Summer has begun at Act Five with a house full of new and returning residents, and we have 3 months to come!
Rieneke Helder is an Act Five Gap Year alumni who found her way back to Act Five for a summer before she gets married and Brent Geertsema is a returning resident. Both reflect on their return to Act Five and are looking forward to what is to come.
From Rieneke:
“If I’m being honest, I needed somewhere convenient to live for 2 months before I get married in July, so living at Act Five made perfect sense. As soon as I got here, however, I remembered that when I graduated from Act Five 3 years ago, I had hoped that God would put me back in this community somehow.
Being back at Act Five has been a bit like finding an old, familiar sweater in my closet that I forgot I had. The rhythm of life here—liturgies for dish-washing taped up above the sinks, neighbours in our home for dinners, long silence in our prayers together—is one that feels easy to slip back into. I am consistently surprised at how much of this place is stored in the back of my mind still, and feeling comforted by that has been a huge gift in this season of change for me.”
From Brent:
“Summer at Blake St is a time of transitions. After 8 months of being a home to students and residents, mostly everything is packed up and moved out (or forgotten in an ever increasing pile in the sunroom of more “lost” than “found” items) and a new group moves in to call Blakely home for the summer months.
This is my third year coming into a community of young adults for four months at Blake St. and already I am struck by how much things change and how much they stay the same.
Since my first summer in the home (2022), many rhythms and traditions remain. Popcorn & movie nights in the basement, weekly trips to Willard’s to ward off the heat, and complaints as the temperature rises in the home. Yet the heat also brings the eager anticipation of strawberry plants in the backyard and the regular sharing of meals together both within the home and with the greater community that surrounds us.

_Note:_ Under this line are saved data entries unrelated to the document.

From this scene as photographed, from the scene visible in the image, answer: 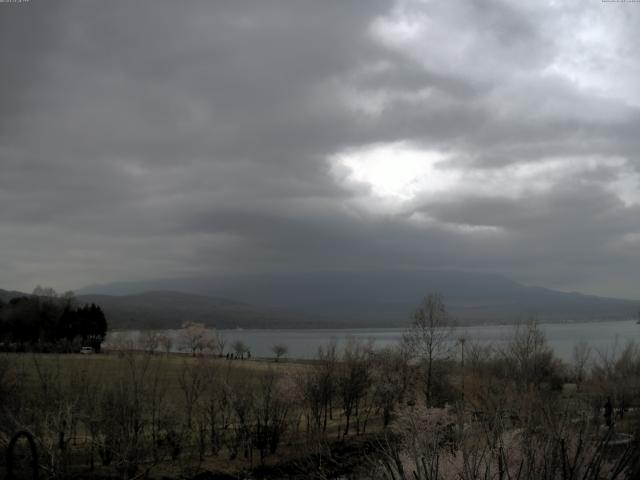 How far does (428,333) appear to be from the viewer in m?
59.3

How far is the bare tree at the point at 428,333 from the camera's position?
5709cm

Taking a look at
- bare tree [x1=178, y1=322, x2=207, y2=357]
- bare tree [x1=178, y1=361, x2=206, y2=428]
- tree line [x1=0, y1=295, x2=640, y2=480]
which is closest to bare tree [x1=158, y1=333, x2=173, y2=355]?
bare tree [x1=178, y1=322, x2=207, y2=357]

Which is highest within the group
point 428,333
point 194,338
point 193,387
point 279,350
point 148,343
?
point 428,333

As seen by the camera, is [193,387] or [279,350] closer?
[193,387]

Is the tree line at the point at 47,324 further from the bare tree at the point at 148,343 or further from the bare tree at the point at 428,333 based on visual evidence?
the bare tree at the point at 428,333

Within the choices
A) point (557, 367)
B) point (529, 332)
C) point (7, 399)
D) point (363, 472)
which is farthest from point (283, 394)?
point (557, 367)

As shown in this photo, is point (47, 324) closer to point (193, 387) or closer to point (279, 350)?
point (279, 350)

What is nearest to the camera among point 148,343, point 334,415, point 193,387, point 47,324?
point 193,387

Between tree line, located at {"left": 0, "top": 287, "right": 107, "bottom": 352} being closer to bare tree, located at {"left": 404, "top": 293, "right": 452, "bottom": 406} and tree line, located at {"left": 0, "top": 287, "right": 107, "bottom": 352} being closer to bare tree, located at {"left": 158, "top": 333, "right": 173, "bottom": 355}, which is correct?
bare tree, located at {"left": 158, "top": 333, "right": 173, "bottom": 355}

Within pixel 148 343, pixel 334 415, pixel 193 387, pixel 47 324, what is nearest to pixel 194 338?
pixel 47 324

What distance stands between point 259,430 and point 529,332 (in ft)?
109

New traditions also begin. Sunday breakfasts, nights at the Corktown pub, and trips to Rooney’s, the new coffee shop a block over, (are you sensing a pattern to community yet?) have all become regular places to see the short-lived summer community flourish.
The house changes to. There is new art left by the students, a tree planted in the front yard, a homemade board game added to the collection, and a didgeridoo can sometimes be heard when someone gets up the courage to give it a shot (and usually make a fool of themselves). But some things never change. We have one “new” summer resident, and a gap-year alumni, who mentioned that she instinctively knew to pull the one drawer in the kitchen a little to the left to get it out the first time you try it.

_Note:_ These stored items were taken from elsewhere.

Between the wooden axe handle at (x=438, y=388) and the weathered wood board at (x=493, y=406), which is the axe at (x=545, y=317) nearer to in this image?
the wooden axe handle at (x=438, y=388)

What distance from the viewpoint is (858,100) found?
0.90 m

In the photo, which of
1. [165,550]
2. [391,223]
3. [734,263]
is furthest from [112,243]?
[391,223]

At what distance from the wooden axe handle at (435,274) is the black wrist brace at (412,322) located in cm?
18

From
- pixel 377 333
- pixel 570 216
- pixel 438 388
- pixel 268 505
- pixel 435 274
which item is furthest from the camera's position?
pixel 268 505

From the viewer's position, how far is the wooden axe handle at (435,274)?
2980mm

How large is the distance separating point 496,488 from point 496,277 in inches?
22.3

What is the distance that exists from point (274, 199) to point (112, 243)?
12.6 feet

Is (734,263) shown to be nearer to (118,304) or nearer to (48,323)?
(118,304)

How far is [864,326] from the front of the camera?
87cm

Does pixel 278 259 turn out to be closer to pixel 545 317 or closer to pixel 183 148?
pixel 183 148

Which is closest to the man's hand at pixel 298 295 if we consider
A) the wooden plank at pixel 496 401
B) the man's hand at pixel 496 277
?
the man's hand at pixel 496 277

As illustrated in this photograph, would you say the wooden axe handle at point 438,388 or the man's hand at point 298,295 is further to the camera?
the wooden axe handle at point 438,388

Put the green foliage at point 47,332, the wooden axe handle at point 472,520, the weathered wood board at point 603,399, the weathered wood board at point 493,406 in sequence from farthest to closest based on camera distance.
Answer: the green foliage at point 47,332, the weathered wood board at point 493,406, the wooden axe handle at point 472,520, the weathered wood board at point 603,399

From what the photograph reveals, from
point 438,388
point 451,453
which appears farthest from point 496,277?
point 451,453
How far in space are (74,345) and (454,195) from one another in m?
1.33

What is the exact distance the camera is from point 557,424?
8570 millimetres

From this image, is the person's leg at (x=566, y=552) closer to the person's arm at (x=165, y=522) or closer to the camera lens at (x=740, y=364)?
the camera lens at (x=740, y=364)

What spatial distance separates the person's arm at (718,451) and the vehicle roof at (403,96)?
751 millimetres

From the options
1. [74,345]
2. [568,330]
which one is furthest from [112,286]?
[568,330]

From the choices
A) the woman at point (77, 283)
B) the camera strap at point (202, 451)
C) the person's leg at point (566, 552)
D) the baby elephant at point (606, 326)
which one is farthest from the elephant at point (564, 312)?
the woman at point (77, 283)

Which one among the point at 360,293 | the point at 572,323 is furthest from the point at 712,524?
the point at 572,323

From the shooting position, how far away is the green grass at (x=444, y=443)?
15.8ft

It can feel daunting to try and list what all needs to fit in a summer yet. More than half of the summer crew spends evenings wedding planning. Others are already looking past summer jobs for what new unknowns await in September. Just when we think we might get into a solid swing of things here, three more people are on their way in, with room for more. The intensity and overall short length of summers at Blake St. can feel chaotic. In between festivals, Art Crawls, impromptu bike rides to the beach or Bayfront park and of course, lots and lots of food, the summer community of Act Five can feel like a flash in the pan. As anyone who has cooked in one of the Blake St. kitchens can attest though, pans tend to get things stuck on them, and as someone who keeps coming back I know this summer of interwoven lives will leave an impact on us, the house and Blakely for years to come.”